MATURITA’. Ma vuoi o no diventare grande? Chiedetelo a Pogba. Può vincere il quarto scudetto, può regalarsi un lungo cammino in Champions, può - soprattutto - vivere da protagonista l’Europeo di giugno, quello che la Francia giocherà in casa. E quando la Francia organizza una manifestazione, va a finire che la vince legando il suo nome ad un fuoriclasse. Europeo 1984: Platini. Mondiale 1998: Zidane. Euro 2016, dunque: Pogba? Nella classifica dei 100 migliori giocatori dell’anno stilata in queste ore dall’Equipe, il francese è decimo. Poco? Tanto?

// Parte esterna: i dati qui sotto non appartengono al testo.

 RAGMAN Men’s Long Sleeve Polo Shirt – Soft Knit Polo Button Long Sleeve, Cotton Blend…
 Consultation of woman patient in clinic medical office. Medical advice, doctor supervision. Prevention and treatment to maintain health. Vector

Lo deciderà il 2016. Anno cruciale anche per Felipe Anderson. Che sta vivendo un’età indefinita. Per lui il problema è quello dell’identità. E’ quella promessa di felicità che abbiamo visto nella sua prima stagione alla Lazio o è il grullo che sta ciondolando da mesi senza lasciare traccia? Il Manchester United (così dicono in Inghilterra) ha già dato una risposta. Noi ancora l’aspettiamo. E Kondogbia? Che fine ha fatto? L’Inter ha investito sulle sue qualità. Investimento ripagato? Finora più no che sì.

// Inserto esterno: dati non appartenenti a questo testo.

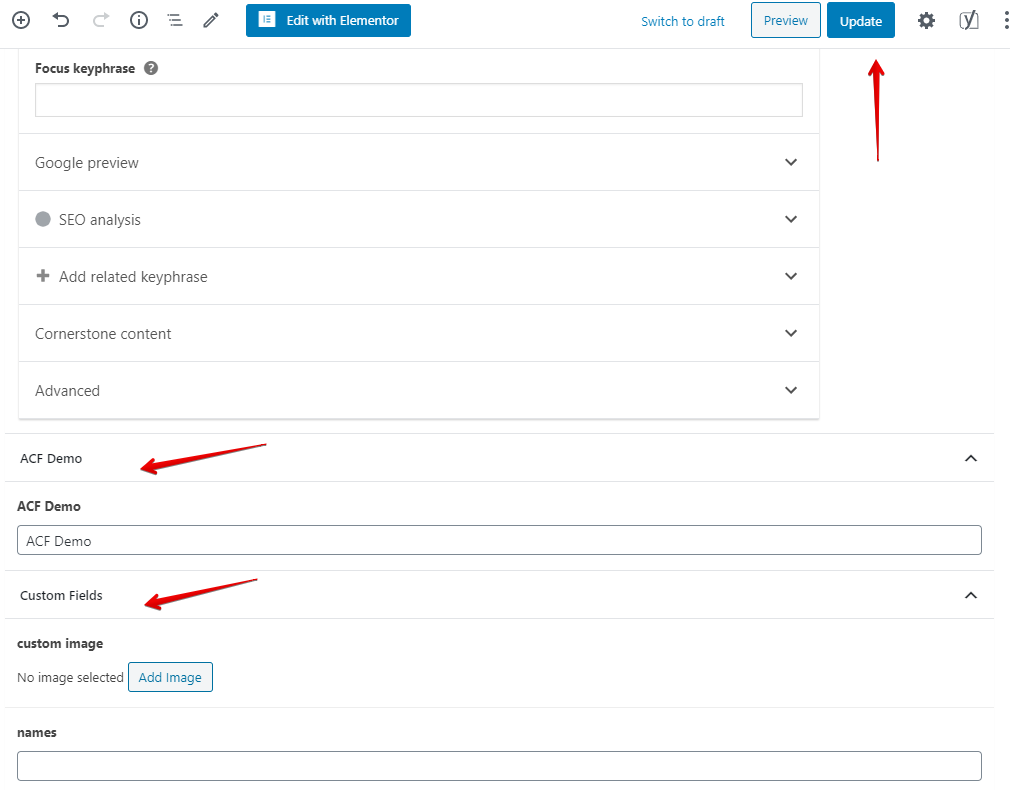 add data to WordPress tables from posts using ACF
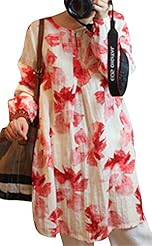 Linen Long Sleeves Floral Print Flared-Skirt Round Neck  Dress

GOL PER CRESCERE. Classe ‘93 è anche Icardi. Maurito indossa la maturità con la stessa disinvoltura con cui veste la tunica bianca da emiro che abbiamo apprezzato (come no) nell’ultimo post di queste ore sui social. Ma la tessera per entrare nel privé dei top-player, quella no, Icardi ancora non ce l’ha. Gli mancano non tanto i gol (quelli li fa a occhi chiusi), quanto una squadra che ne supporti le ambizioni. Inter, se ci sei, vinci lo scudetto. Per dire: la bacheca dei trofei a casa Icardi è ancora vuota, se si eccettua la coppa del capocannoniere della serie A 2014-15 (metà coppa: l’altra ce l’ha Toni). Servono gol invece a Babacar: partito forte, arrivato piano. Destino comune a molti suoi coetanei. Capita, a quell’età. Non è un campione, ma sta cercando il suo posto nel mondo (e nella Roma e nella Francia) anche Digne. La parola d’ordine dei classe ‘93 - divisi dal talento che madre natura ha loro dotato in dosi diverse ma uniti dalla stessa fame - è una sola: imporsi. Sgomitare per farsi notare. Staccarsi di dosso l’etichetta di quelli che «forever young». Di fatto farsi cerchiare di rosso nelle foto di gruppo (cosa che non è riuscita, per esempio, a Iturbe, che proprio ieri ha sancito il suo flop alla Roma con il passaggio al Bourbemouth). Nomi di ‘93 pronti a prendersi la scena mondiale: da Varane a Lukaku, da Vietto a Jesè, ognuno faccia la sua puntata. Noi pensiamo che il 2016 possa rivelarsi l’anno della definitiva consacrazione di due campioni in embrione: il tedesco Julian Draxler, fin qui azzoppato da un destino cinico e baro; e l’inglese Alex Oxlade Chamberlain, «The Ox», espressione che in Inghilterra significa «forte come un toro». Ha bruciato le tappe, ora per non bruciare se stesso deve dimostrarsi all’altezza di chi lo ritiene il talento più cristallino del calcio inglese.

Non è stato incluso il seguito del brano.